New Minimum Energy Efficient Standards (MEES) in force from 1 April 2023 make it unlawful to continue to let commercial property with an energy performance certificate (EPC) rating below ‘E’ unless a specific exemption applies. Nearly 8% of inner London commercial stock are expected to be affected by this month’s EPC ‘E’ requirement, and a further 43% by the EPC ‘C’ minimum due in April 2027.

What are the implications?

Landlords and tenants bear the immediate burden. However, only properties that require an EPC are affected, and specific exemptions may apply. A portfolio audit is indispensable, and the implications of the changes run the gamut, from due diligence to lettings and transactions, and assessing the options for so-called ‘sub-standard’ properties.

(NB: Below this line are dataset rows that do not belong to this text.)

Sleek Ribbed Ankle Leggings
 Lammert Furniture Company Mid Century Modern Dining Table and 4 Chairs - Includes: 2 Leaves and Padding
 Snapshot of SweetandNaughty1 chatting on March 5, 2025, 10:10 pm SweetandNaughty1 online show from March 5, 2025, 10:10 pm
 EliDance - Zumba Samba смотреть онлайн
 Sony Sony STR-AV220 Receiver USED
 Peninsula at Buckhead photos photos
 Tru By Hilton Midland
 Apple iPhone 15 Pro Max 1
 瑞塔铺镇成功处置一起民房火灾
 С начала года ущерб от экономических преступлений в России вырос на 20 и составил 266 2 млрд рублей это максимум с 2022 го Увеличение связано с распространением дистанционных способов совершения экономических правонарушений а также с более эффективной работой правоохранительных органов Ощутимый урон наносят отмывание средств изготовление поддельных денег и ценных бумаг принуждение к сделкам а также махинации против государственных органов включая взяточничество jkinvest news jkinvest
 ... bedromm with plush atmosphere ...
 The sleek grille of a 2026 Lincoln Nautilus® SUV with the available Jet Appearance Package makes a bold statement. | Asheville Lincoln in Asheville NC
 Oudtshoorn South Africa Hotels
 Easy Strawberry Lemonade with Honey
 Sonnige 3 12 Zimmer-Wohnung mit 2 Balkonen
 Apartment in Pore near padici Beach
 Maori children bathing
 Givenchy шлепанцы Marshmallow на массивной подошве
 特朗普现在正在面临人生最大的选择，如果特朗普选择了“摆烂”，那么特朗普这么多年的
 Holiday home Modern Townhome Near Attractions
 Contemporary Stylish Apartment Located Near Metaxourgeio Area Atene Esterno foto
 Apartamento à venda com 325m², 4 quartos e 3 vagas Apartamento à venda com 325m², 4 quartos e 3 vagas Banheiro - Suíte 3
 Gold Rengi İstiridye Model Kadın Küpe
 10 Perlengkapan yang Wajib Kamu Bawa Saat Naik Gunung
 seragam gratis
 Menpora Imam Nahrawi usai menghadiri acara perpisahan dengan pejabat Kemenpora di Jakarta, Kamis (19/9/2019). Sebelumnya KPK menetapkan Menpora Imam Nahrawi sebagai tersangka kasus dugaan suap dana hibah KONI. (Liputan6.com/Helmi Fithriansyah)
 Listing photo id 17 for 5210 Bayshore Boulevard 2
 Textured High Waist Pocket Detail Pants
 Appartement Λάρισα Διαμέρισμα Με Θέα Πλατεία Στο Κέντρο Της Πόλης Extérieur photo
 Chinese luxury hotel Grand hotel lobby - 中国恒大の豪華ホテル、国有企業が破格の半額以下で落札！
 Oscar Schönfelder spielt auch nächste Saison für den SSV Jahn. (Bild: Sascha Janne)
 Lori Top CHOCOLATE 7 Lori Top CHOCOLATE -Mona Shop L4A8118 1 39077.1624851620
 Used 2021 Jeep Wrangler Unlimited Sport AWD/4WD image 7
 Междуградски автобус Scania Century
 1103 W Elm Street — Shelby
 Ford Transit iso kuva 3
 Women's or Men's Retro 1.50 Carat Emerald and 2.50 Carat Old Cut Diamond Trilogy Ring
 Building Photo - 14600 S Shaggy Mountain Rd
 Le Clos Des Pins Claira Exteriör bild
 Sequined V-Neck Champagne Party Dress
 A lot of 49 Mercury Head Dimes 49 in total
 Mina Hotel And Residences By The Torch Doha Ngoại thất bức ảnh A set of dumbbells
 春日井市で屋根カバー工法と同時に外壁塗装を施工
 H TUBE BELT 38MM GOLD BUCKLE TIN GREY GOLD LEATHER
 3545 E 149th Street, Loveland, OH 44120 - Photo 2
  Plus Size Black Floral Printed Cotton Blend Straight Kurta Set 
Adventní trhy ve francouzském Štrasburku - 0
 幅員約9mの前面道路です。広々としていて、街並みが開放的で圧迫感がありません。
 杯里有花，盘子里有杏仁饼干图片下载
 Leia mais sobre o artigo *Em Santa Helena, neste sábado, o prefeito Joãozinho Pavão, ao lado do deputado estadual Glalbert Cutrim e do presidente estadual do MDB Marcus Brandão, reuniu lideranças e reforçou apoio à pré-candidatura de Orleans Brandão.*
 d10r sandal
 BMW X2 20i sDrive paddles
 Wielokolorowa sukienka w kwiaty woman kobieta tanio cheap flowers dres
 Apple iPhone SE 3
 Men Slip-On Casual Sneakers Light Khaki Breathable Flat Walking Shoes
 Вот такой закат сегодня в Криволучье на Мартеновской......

For non-exempt properties, improvement works may be required to reach an EPC rating of ‘E’ or above. This can be onerous and expensive. However, construction contracts are a vital tool for reducing improvement works costs, managing risks, and ultimately securing return on investment.

1. Funding

Loan agreements are increasingly offering reduced costs and preferential terms, where defined EPC and related sustainability metrics are met. This can offset upfront and overall finance costs of complying with the new rules. However, to harness the advantages, careful matching of the funding conditions and the construction contract terms is required.

Construction contract terms requiring a specific EPC rating at practical completion or incentivising sustainable building practices should be geared to specific, achievable pricing triggers defined in the funding conditions. Useful tools for this include amendments for the JCT suite*, and tailored provisions based on NEC’s latest standard construction contracts.

Attention to the contractual detail pays – it is the gateway to optimising the balance between works pricing, reduced finance costs, and the value of the finished asset.

2. Pricing

EPC and works requirements should feature from the outset of procurement. This allows works to be tendered robustly, and pricing to be stress tested pre-contract. This is useful to minimise the risk of increased costs, unexpected delays and/or disputes mid-project.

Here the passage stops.